CONFARTIGIANATO BARI : IL SALARIO MINIMO NON È LA SOLUZIONE AL LAVORO POVERO.

Contrattazione di qualità e riforma fiscale le proposte per rilanciare la produttività e ridare valore ai salari.

Uno dei temi caldi al centro della politica italiana nelle ultime settimane è il “salario minimo” con una proposta che tende a disintermediare le relazioni industriali, partendo dal presupposto, sbagliato, che la legge può fare meglio della contrattazione collettiva.

Piuttosto che di salario minimo imposto per legge sarebbe invece importante vigilare sulla effettiva applicazione di quei contratti collettivi sviluppati dalle organizzazioni datoriali realmente rappresentative, riservando benefici fiscali alle imprese che ne rispettino integralmente le norme.

Il salario minimo per legge serve nei Paesi a bassa copertura contrattuale degli occupati. In Italia, invece, il contenuto protettivo dei contratti collettivi di lavoro sottoscritti dalle organizzazioni datoriali e sindacali maggiormente rappresentative è fra i migliori del mondo e ha finora assicurato importanti tutele collettive ai lavoratori. Ciò a maggior ragione vale per i contratti – come quelli dell’artigianato – che, tramite consolidati sistemi di bilateralità, sono riusciti a costruire articolate prestazioni di welfare negoziale e di protezione sociale.

“In un Paese a produttività stagnante da decenni, pensare di risolvere in modo semplicistico il problema del ‘lavoro povero’ sarebbe un errore capitale.
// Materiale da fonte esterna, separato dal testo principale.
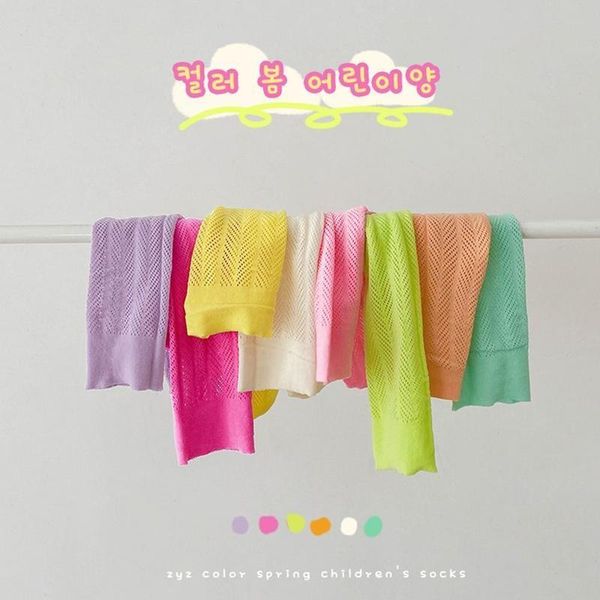socks 1pair solid mesh spring summer boys girls candy color cotton breathable thin baby toddler striped hollow stockings, Pink;yellow
socks 1pair solid mesh spring summer boys girls candy color cotton breathable thin baby toddler striped hollow stockings, Pink;yellow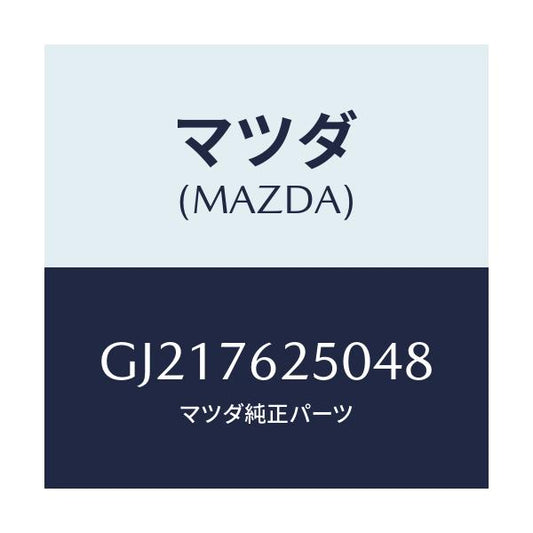 マツダ(MAZDA) KEYSUBSET GLOVE/カペラ アクセラ アテンザ MAZDA3 MAZDA6/キー/マツダ純正部品/GJ217625048(GJ21-76-25048)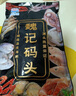 【新貨上市】特大號扇貝肉純野生海捕新鮮扇貝冷凍海鮮帶冰保鮮 扇貝肉400g*4 曬單實拍圖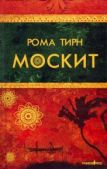 Тирн Рома - Москит - читать книгу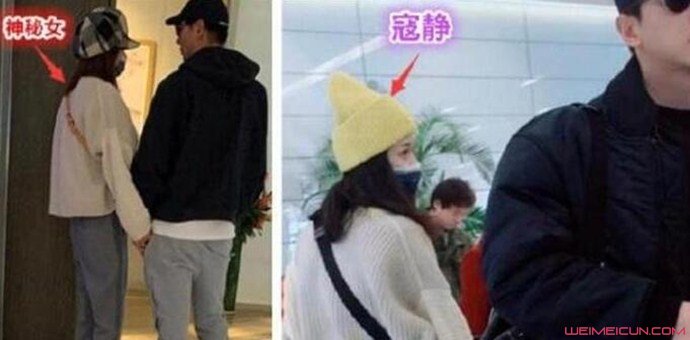 寇静张亮离婚了吗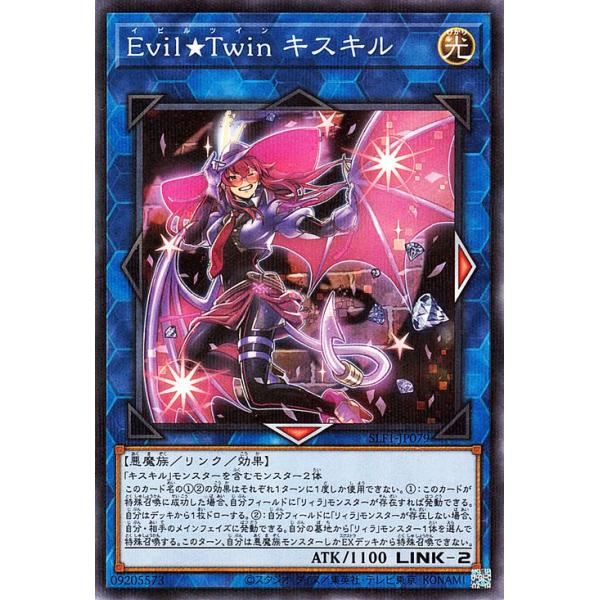 フォローで割引！ 遊戯王 PSA9 Ｅｖｉｌ★Ｔｗｉｎ キスキル PRSE フォローで割引！ 遊戯王 PSA9 Evil☆Twin キスキル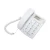Import Shenzhen Newest Style Basic Landline Big Button Telephone with Caller ID Display and CE ROHS Standard from China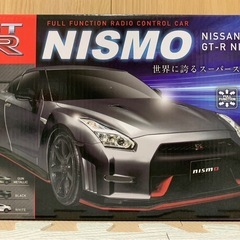 日産 GT-R NISMO ラジコン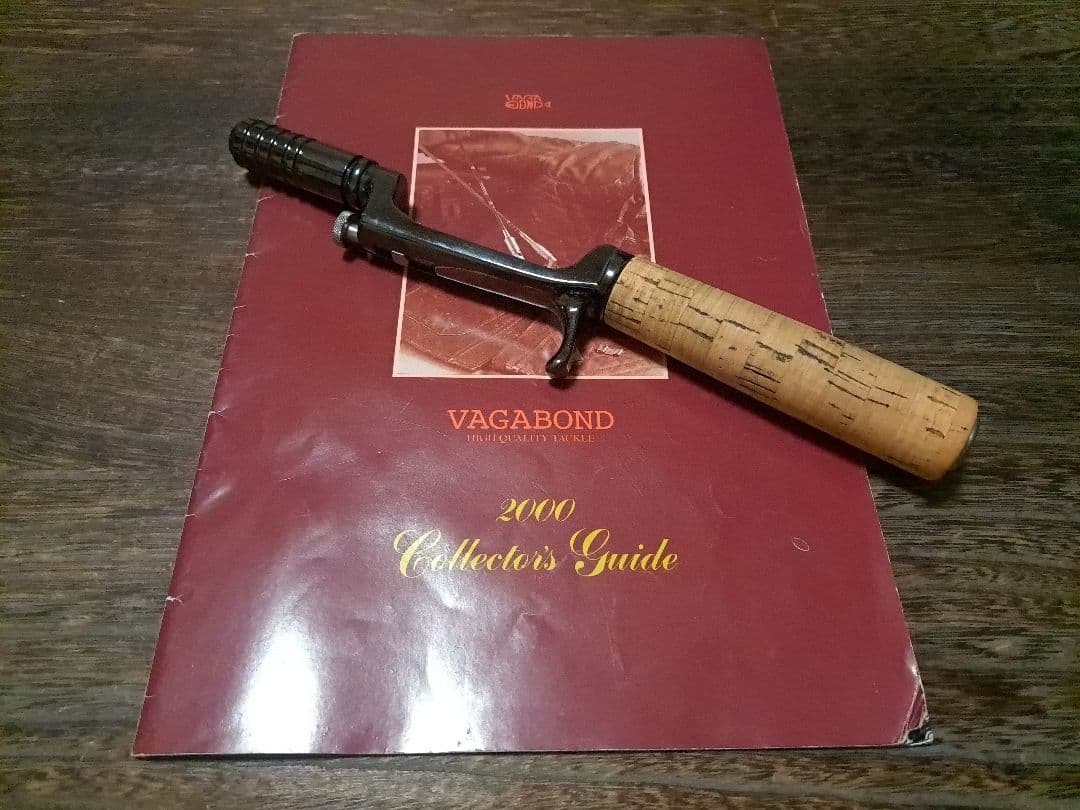 ヴァガボンド　VAGABOND　MillionFish　CASTING GRIP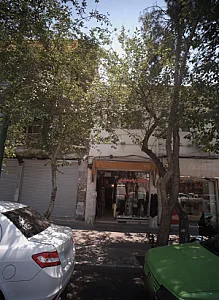 پوشاک ارزان قیمت گلستان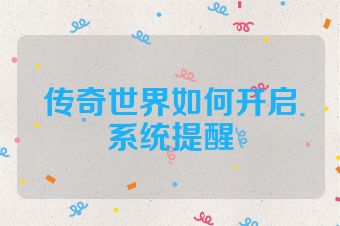 传奇世界如何开启系统提醒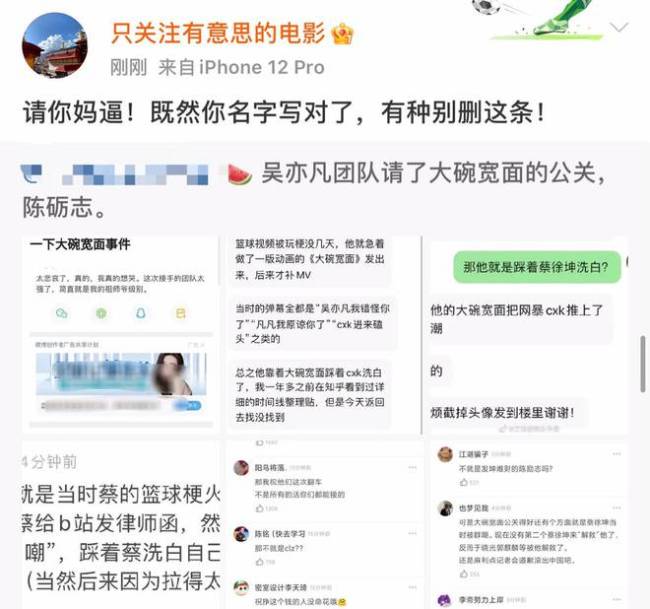 陈砺志否认帮吴亦凡公关 爆粗口大骂：有种别删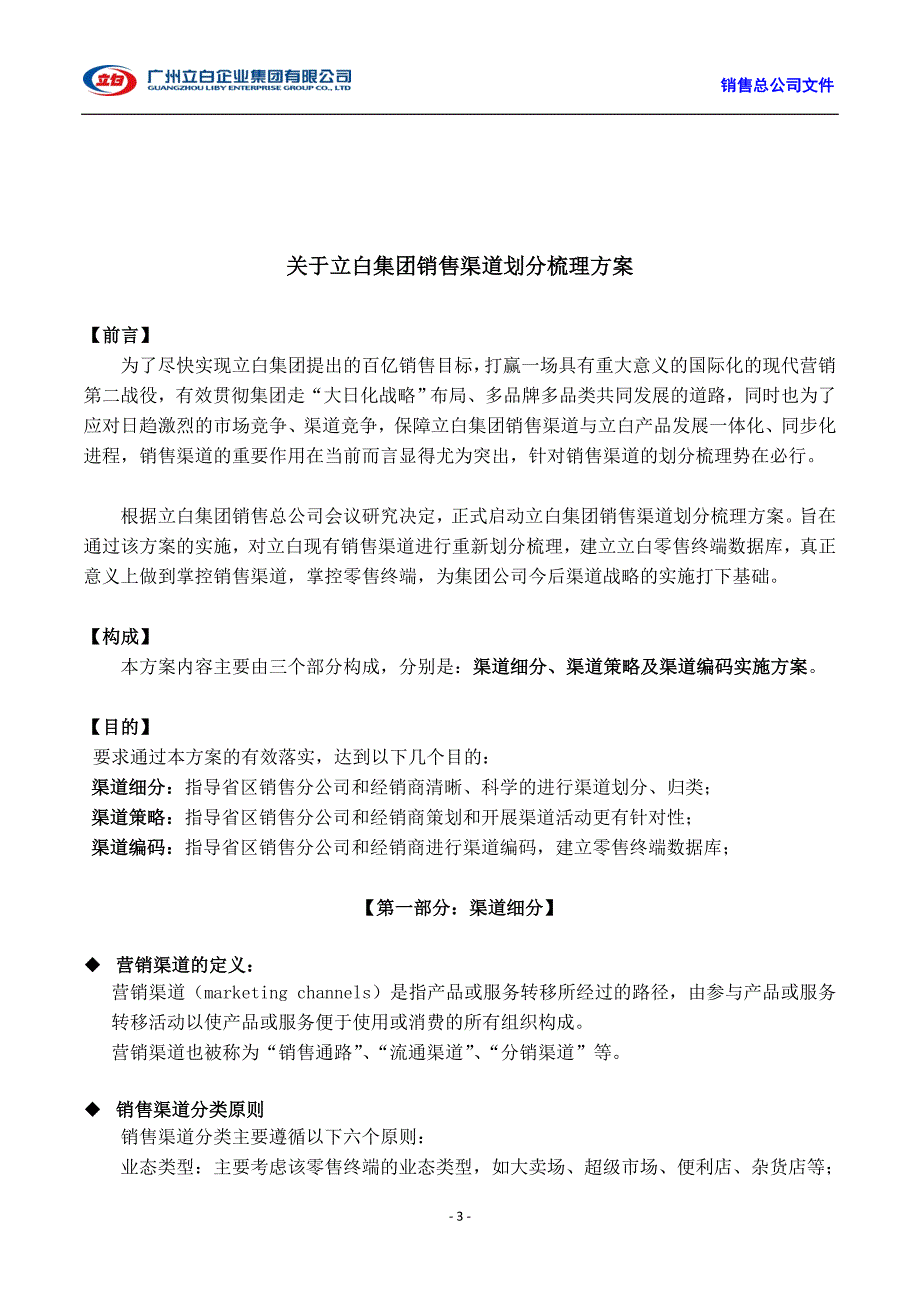 立白集团销售渠道划分梳理方案_第3页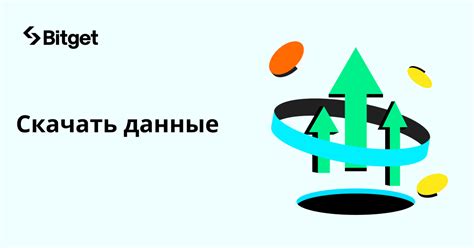 Информация о транзакциях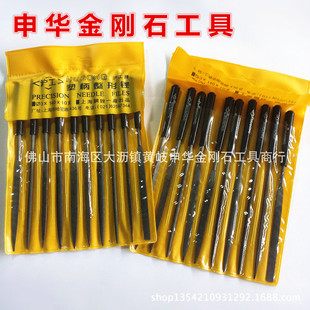 �؃r�N�� �������������b��S ʲ�\�S�� �ܱ��S��10֧�b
Non servono soluzioni estemporanee, ma è necessario affrontare con coscienza e pragmatismo il tema cruciale dal quale dipende la tenuta del nostro sistema economico: per garantire aumenti salariali bisogna ridurre il prelievo fiscale che assorbe gran parte di quello che le imprese versano ai propri dipendenti.” Così il presidente di Confartigianato Bari – Francesco Sgherza che prosegue: “affinché possano crearsi maggiori occasioni di occupazione e condizioni migliori di lavoro, occorre non solo garantire l’applicazione di una contrattazione di qualità, ma anche liberare risorse attraverso una riforma fiscale che rilanci produttività e potere d’acquisto.Serve un fisco più semplice, orientato alla crescita, a misura di piccole imprese.”

In tale direzione è positiva la valutazione di Confartigianato sui criteri direttivi generali della riforma fiscale in cantiere che puntano sulla crescita e sulla semplificazione, quantomai necessaria per il sistema tributario italiano che è tra i più complicati nei Paesi Ocse, e che costringe gli imprenditori a sprecare 238 ore l’anno per occuparsi degli adempimenti burocratici fiscali.

“Sono certo che quando si riuscirà a realizzare una riforma fiscale che valuti il taglio della tassazione a carico delle imprese non come una mera riduzione di gettito necessario a ripianare i conti, ma come un investimento per la crescita, si avvierà un periodo virtuoso per imprese e lavoratori” conclude Sgherza.